Aux Sept-Iles, un équilibre fragile entre les hommes et une protection renforcée de la nature

Perros-Guirec (France), 18 juin 2021 (AFP) – Sur l’île bretonne Rouzic, fous de Bassan, macareux moines et phoques ont trouvé refuge. Elle fait partie de la Réserve naturelle des Sept-Iles qui doit s’agrandir en 2022 pour mieux protéger ces espèces menacées, au risque de faire grincer des dents.

Les nids de dizaine de milliers de fous de Bassan tapissent un versant de l’île interdite aux humains, formant une immense tâche blanche, seule colonie en France métropolitaine et une des 54 au monde.

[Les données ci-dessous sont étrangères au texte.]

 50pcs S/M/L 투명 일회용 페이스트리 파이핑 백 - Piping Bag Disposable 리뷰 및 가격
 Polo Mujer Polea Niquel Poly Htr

Des oiseaux tournoient, se détachant du bleu du ciel avec leurs immenses ailes, dans des cris rauques. A ras de l’eau passent de petits macareux moines qui filent en un éclair, poissons en travers de leurs becs colorés, vers leurs terriers sur l’île, pour nourrir leurs petits. Des pingouins torda et des guillemots de Troil observent la scène depuis un rocher, tandis qu’un imposant phoque gris prend un bain de soleil.

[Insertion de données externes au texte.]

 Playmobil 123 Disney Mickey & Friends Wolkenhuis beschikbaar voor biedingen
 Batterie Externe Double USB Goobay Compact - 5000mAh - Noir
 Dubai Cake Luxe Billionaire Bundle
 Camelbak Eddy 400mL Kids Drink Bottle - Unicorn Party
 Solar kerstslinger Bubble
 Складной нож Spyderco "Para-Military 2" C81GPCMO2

Le lieu est unique: il concentre la quasi-totalité des fous de Bassan, des macareux moines, des puffins des Anglais et des pingouins torda, menacés, de France métropolitaine. Premier lieu de naissance du pays pour les phoques gris, il accueille en tout 27 espèces d’oiseaux.

Les oiseaux marins, qui passent toute leur vie en mer, ne mettent palme à terre que pour une brève période, le temps de se reproduire et de couver leurs oeufs.

La réserve naturelle nationale des Sept-Iles constitue aussi un enjeu économique majeur pour la Bretagne Nord, avec plus de 100.000 visiteurs par an.

Gérée par la Ligue de protection des oiseaux (LPO), elle recouvre actuellement 280 hectares de mer et de terre avec toutes les îles de l’archipel. Elle devrait passer en 2022 à plus de 15.000 hectares pour intégrer une nouvelle île, Tomé et le plateau des Triagoz.

– Mieux protéger la mer –

« L’archipel des Sept-Iles n’est que la partie émergée de l’iceberg », explique Pascal Provost, conservateur de la Réserve naturelle, à l’AFP. Elargir la surface permettra de mieux protéger poissons et crustacés et les laminaires, des algues.

Le projet d’agrandissement prévoit d’interdire des activités industrielles (extraction minière, éoliennes…), jet-ski et scooters des mers, le survol à moins de 300 mètres d’altitude et de mieux réglementer les activités de découverte des animaux pour ne pas les déranger.

La pêche professionnelle, à pied, la plaisance, le kayak, la plongée et autres activités de loisir restent autorisés, sauf du 1er avril au 31 août dans une petite zone de 1,3 km2.

Cette zone doit permettre aux fous de Bassan, dont la reproduction se porte mal, de se reposer sur l’eau, alors qu’ils parcourent des centaines de kilomètres pour se nourrir. Des dizaines d’oiseaux y forment des radeaux flottants.

Cette zone suscite le rejet d’une vingtaine d’associations locales – plaisanciers, pêcheurs, kayakistes… – dont la voix est portée par l’association Archipel libre, qui revendique 5.000 adhérents en tout.

« La position de toutes ces associations est d’accepter l’extension de la réserve, mais nous refusons toute zone interdite », explique son président, Guillaume de Nanteuil. Elles refusent une « confiscation du patrimoine maritime commun », explique-t-il, disant craindre que « cette zone interdite grandisse » par la suite.

La zone de quiétude n’a pas vocation à dépasser la surface actuellement définie, assure Pascal Provost.

« La population locale n’est pas très au courant », déplore Odile Guerin, de l’association naturaliste locale Etapes, qui elle défend l’extension et la zone de quiétude. « Très peu de plongeurs et de bateaux vont dans cette zone », assure-t-elle.

Ce projet fera l’objet d’une enquête publique à l’automne, avant un décret attendu fin 2022, après l’élection présidentielle. Il s’inscrit dans l’objectif de « 30% du territoire national couvert par des aires protégées d’ici 2022, dont un tiers sous statut de protection forte », rappelle le ministère de la Transition écologique.

Les eaux françaises restent très mal protégées, avec à peine 1,5% en protection forte, relève une étude récente du CNRS.

« Il y a un enjeu à préserver les milieux marins, dont on s’est préoccupé plus tard que les milieux terrestres », à l’heure où la nature se porte mal, insiste Charlotte Meunier, présidente des Réserves naturelles de France.